#### [Task directions]
In total, how many lines of the data contain the word "Golden"? Only that number is wanted.

Data entries

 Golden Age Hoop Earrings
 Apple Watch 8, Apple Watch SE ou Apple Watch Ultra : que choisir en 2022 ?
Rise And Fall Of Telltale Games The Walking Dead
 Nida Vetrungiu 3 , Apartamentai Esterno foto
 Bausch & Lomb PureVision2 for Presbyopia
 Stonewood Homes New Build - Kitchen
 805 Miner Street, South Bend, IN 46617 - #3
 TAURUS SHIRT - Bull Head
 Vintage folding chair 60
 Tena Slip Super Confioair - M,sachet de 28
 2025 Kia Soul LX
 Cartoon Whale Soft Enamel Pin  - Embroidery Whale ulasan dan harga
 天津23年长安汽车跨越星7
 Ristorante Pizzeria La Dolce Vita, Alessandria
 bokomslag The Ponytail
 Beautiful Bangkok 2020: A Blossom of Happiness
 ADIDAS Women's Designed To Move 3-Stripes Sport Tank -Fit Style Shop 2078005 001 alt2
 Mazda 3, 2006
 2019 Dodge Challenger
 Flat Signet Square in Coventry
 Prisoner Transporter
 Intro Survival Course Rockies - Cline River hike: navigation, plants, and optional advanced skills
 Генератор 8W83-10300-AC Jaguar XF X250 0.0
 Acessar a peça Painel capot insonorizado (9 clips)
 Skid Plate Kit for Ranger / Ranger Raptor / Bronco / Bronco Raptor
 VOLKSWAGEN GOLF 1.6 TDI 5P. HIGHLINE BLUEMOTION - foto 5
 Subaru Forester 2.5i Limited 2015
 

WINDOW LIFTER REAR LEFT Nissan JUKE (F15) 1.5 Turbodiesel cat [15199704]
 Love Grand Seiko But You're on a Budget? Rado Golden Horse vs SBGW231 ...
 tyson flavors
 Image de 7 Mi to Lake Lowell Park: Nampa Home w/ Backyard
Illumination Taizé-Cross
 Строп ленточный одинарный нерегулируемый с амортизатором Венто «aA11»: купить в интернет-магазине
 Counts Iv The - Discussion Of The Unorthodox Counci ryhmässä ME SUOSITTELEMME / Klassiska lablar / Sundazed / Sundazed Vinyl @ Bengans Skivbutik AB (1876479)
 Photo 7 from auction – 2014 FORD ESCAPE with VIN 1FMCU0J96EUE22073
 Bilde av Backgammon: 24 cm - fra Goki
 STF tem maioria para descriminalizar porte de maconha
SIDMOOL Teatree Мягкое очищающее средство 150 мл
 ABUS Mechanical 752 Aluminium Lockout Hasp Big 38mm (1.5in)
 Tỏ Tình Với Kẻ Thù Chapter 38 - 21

#### [Response below]
2